Logging in as user FSmith

Now we can use PywerView to see which domain groups FSmith belongs to.

Remote Management Users… Nice, in that case let’s get shell using evil-winrm and read the user flag.

---

Privilege Escalation

System Enumeration

Now that we’ve obtained a shell, we will proceed to enumerate the system. To do this, I’m going to use WinPeas.exe. Let’s see what we can find.

If we search for the password keyword, we’ll find plain text autologon credentials for the user svc_loanmanager. I really got stuck with these credentials, because the user is actually svc_loanmgr and not svc_loanmanager , I guess the registry hive for autologons is outdated. Anyway, if we list user directories in C:\Users\, we’ll find the real username.

Well, now let’s use evil-winrm again with these new credentials and continue enumerating with this new user. Since we have a service account we should consider using Bloodhound to easily look at that privileges do we have in the domain.

I’m gonna use SharpHound to collect the domain data, you can download it from its GitHub repository: SharpHound.

DCSync

If we filter by Principals with DCSync rights, we’ll see the following: The user svc_loanmgr has DCSync rights; kinda strange permissions for a service account meant to manage loans.

To exploit a domain using DCSync rights, we essentially tell the Domain Controller that we are another Domain Controller and we want to synchronize the domain database. So we request the whole database which includes absolutely all the domain information, including NTLM hashes of every account in the domain. This database is named NTDS and is present in every domain controller.

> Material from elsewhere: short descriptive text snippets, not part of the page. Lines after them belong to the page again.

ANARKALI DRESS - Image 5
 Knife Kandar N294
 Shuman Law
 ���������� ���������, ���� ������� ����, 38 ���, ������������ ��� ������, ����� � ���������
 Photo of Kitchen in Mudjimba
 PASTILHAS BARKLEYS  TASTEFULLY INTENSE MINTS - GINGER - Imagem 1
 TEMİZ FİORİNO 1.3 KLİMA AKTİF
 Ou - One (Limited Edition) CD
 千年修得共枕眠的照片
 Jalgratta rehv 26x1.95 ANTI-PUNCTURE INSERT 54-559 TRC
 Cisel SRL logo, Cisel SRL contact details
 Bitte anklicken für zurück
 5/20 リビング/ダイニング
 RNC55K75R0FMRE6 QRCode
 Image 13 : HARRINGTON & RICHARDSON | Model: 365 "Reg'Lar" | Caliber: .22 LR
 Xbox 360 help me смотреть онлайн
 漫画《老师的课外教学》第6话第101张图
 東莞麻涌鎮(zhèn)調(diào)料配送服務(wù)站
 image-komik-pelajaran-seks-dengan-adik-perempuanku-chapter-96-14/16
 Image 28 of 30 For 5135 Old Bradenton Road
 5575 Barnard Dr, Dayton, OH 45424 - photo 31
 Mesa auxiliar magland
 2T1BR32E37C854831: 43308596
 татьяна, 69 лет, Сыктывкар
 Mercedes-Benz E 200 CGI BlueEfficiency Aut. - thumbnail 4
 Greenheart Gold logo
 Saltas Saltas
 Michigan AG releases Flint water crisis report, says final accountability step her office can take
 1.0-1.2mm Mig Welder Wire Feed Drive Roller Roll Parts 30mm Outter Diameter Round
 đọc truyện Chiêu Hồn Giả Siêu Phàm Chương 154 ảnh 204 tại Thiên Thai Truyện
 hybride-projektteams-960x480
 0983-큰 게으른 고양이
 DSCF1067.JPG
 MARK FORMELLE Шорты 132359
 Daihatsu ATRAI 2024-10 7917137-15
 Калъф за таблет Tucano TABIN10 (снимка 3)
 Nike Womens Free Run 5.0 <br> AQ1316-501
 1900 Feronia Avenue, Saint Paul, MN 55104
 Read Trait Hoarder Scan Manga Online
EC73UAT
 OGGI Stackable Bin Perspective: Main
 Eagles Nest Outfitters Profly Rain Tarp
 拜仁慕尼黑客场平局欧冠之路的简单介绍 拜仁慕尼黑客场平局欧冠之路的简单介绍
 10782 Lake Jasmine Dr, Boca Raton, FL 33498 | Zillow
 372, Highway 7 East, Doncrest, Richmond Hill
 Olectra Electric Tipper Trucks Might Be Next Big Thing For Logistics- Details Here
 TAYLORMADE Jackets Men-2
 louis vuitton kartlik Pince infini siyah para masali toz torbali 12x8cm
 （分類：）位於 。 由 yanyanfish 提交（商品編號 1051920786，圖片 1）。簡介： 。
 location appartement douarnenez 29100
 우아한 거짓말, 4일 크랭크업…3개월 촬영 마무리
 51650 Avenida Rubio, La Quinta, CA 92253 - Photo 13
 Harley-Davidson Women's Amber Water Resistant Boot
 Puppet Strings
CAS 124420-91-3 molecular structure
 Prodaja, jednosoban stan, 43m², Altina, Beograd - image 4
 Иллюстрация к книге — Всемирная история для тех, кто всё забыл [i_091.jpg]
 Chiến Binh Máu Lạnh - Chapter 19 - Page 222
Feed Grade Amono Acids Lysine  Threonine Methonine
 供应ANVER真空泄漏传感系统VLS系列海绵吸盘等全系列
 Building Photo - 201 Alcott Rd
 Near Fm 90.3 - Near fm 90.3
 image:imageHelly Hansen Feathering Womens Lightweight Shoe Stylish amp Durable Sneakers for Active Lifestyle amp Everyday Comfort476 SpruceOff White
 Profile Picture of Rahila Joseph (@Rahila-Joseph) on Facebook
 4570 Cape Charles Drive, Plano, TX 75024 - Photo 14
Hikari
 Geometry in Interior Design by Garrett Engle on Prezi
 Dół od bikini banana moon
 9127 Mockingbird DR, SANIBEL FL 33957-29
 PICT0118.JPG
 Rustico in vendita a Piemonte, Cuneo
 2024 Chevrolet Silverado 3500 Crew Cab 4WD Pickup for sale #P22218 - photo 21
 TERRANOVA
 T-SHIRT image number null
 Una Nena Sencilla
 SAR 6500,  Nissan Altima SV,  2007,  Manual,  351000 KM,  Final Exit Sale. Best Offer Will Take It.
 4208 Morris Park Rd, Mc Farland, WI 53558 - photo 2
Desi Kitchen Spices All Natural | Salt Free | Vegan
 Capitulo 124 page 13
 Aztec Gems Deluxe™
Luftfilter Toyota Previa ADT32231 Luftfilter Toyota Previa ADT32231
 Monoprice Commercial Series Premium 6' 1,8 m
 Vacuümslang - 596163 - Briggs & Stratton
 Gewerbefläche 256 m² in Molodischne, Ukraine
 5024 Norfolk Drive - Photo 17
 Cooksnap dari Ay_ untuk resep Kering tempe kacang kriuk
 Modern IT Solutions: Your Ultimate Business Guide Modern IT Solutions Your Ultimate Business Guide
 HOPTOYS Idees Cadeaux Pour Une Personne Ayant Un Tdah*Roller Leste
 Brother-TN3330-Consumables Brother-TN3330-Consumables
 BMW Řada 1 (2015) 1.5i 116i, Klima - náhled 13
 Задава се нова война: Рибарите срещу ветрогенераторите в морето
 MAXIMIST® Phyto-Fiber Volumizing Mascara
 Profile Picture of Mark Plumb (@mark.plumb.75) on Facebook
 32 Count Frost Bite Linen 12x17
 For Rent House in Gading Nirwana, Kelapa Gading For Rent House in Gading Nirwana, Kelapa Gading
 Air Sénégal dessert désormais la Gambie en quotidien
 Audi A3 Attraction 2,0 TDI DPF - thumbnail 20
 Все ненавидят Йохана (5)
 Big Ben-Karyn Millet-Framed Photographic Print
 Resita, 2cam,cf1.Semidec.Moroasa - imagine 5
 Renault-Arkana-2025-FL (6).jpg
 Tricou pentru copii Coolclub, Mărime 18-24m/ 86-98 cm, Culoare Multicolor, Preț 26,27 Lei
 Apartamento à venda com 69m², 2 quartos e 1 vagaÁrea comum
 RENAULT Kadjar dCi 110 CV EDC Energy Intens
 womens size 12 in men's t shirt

So now let’s use impacket-secretsdump to dump the NTDS.

PtH as Administrator

Now we can use the Administrator NTLM Hash to perform a Pass-the-Hash attack. There are a lot of tools that support authentication using NTLM hashes, I’ll use evil-winrm.

This was a very easy machine, and it was enjoyable to work on, especially if you’re unfamiliar with AS-REP Roasting and DCSync.